There are cases in which a Red Hat OpenShift team supporting a central monitoring stack can struggle to fulfill application teams' requests or demands for Prometheus metrics and configuration changes. For instance:
- One department would like metrics retention for a period of 3 months whereas another department requested metrics retention for 6 months.
- One department requested
remote_writes
to an external server for metrics matching one pattern and to a different server for metrics matching another pattern. This group changes their requirements every few weeks. - One department uses a Prometheus exporter to dump all their data to Prometheus for easy viewing in Grafana and is overloading the Prometheus server causing it to use many G-bytes of RAM which results in poor Prometheus query response time for other departments.

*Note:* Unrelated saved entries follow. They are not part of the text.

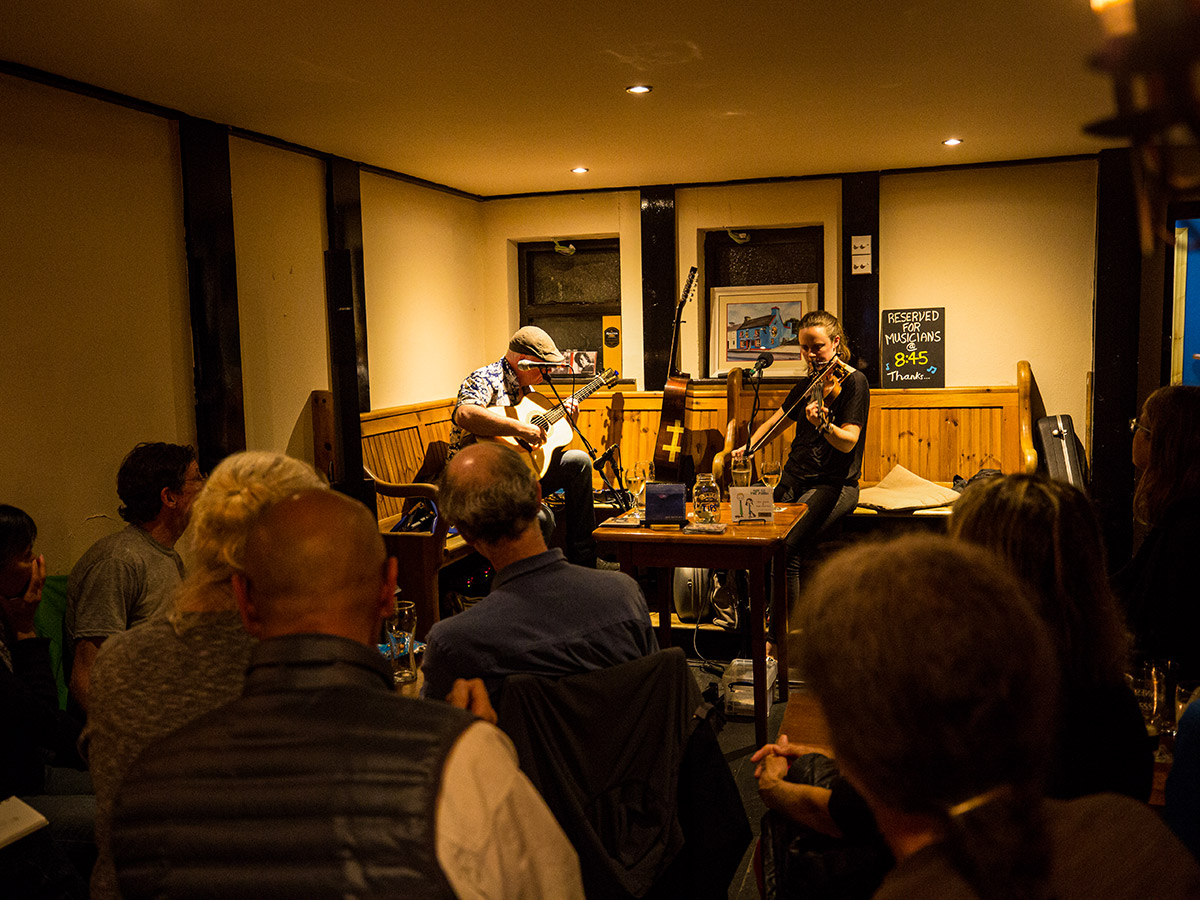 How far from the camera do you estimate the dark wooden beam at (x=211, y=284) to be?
14.3ft

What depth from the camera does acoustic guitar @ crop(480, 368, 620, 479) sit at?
18.4 ft

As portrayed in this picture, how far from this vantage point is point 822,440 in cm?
487

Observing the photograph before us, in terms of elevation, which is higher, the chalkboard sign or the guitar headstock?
the guitar headstock

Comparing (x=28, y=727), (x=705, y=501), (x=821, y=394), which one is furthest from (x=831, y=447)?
(x=28, y=727)

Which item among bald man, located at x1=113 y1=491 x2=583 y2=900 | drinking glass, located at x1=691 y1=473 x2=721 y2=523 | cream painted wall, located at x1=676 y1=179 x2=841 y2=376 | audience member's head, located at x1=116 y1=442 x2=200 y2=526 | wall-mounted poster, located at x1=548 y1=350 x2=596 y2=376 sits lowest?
drinking glass, located at x1=691 y1=473 x2=721 y2=523

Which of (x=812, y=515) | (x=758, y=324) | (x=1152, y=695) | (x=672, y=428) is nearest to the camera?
(x=1152, y=695)

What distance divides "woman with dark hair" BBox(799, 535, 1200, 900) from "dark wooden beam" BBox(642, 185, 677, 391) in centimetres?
587

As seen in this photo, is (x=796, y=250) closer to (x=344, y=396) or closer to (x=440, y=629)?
(x=344, y=396)

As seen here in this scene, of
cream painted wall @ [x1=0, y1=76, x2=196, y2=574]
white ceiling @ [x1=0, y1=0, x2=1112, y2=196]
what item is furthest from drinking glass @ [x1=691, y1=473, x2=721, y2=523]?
cream painted wall @ [x1=0, y1=76, x2=196, y2=574]

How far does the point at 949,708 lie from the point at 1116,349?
19.4ft

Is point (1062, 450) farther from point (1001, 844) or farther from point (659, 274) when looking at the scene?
point (1001, 844)

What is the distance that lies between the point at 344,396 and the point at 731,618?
8.43 ft

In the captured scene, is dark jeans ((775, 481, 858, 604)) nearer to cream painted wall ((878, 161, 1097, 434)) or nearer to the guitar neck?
the guitar neck

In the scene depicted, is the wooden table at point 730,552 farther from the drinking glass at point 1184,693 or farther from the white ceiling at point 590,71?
the white ceiling at point 590,71
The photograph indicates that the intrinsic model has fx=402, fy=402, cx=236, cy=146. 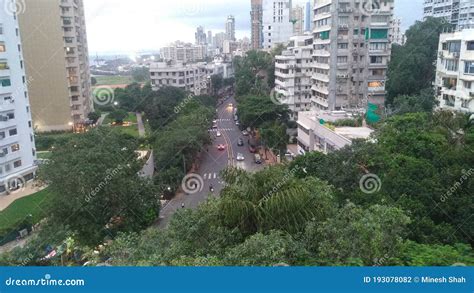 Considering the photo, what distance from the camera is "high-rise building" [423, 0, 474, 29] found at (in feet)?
115

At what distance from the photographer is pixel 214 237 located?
18.3 feet

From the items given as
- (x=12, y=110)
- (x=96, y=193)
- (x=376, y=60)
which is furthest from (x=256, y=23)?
(x=96, y=193)

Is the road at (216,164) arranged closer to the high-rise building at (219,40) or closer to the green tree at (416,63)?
the green tree at (416,63)

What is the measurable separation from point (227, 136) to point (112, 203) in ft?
62.7

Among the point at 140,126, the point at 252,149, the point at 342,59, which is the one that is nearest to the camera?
the point at 342,59

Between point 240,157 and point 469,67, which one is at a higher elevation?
point 469,67

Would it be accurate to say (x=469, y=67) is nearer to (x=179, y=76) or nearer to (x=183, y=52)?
(x=179, y=76)

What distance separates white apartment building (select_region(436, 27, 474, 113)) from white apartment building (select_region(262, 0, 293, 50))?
28307mm

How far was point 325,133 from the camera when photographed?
15.6m

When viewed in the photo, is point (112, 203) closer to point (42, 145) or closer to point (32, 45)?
point (42, 145)

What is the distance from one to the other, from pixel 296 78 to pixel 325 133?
14620mm

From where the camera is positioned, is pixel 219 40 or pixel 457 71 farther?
pixel 219 40

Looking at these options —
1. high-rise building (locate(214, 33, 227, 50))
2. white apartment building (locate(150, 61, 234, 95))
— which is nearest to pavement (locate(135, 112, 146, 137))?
white apartment building (locate(150, 61, 234, 95))

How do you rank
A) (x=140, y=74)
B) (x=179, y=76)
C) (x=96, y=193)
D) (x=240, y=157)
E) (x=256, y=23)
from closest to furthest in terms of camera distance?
1. (x=96, y=193)
2. (x=240, y=157)
3. (x=179, y=76)
4. (x=256, y=23)
5. (x=140, y=74) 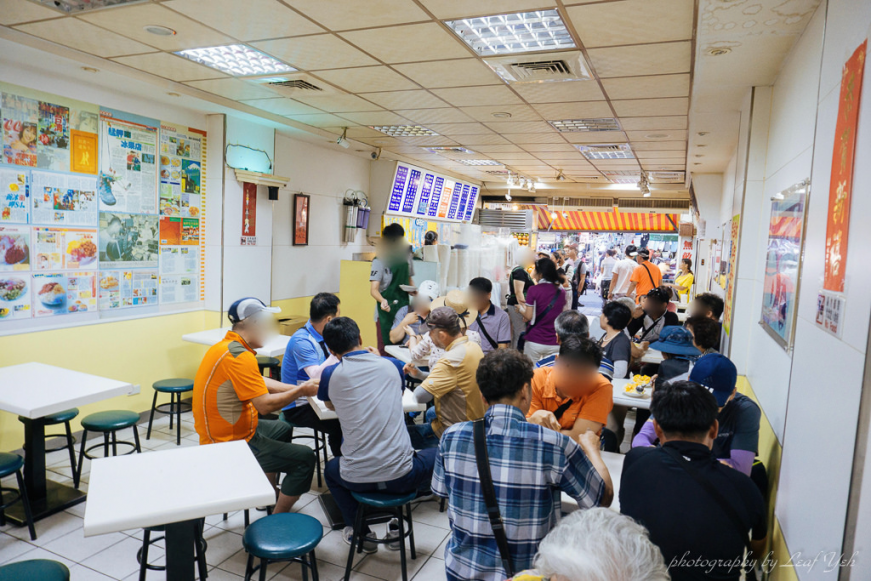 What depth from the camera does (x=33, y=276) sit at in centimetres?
412

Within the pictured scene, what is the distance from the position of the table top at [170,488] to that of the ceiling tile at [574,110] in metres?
3.87

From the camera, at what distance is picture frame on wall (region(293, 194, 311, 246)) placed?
22.2ft

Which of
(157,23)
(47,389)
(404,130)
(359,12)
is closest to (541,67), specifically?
(359,12)

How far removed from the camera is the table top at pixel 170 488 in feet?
5.74

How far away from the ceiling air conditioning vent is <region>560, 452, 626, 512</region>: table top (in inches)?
96.4

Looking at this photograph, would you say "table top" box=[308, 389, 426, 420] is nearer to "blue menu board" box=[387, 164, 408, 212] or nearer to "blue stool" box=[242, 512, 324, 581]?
"blue stool" box=[242, 512, 324, 581]

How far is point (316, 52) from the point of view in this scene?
141 inches

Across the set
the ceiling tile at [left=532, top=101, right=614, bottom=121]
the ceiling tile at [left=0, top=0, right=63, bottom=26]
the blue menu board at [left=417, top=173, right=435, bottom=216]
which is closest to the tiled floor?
the ceiling tile at [left=0, top=0, right=63, bottom=26]

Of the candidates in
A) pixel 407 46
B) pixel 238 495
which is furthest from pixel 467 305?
pixel 238 495

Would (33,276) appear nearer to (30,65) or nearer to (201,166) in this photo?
(30,65)

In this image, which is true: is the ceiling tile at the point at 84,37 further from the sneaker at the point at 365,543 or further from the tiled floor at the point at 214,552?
the sneaker at the point at 365,543

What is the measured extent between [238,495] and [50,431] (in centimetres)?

These scenarios are problematic for teams supporting existing OpenShift User Workload Monitoring. A single ConfigMap user-workload-monitoring-config
is used to configure the User Workload Monitoring and the configuration is applicable to all user workload metrics. Only cluster administrators can modify this ConfigMap so there is overhead when departments require unique settings. Furthermore, some settings are global for the entire cluster and cannot be configured for a subset of cluster namespaces. This centralization of configuration can be beneficial in many cases because of its simplicity but in more complex setups and organizations it sometimes doesn’t provide enough flexibility.
OpenShift Cluster Observability Operator
To support more complex scenarios, Red Hat recently announced the Cluster Observability Operator (COO), a new OpenShift Operator designed to manage observability stacks on OpenShift clusters.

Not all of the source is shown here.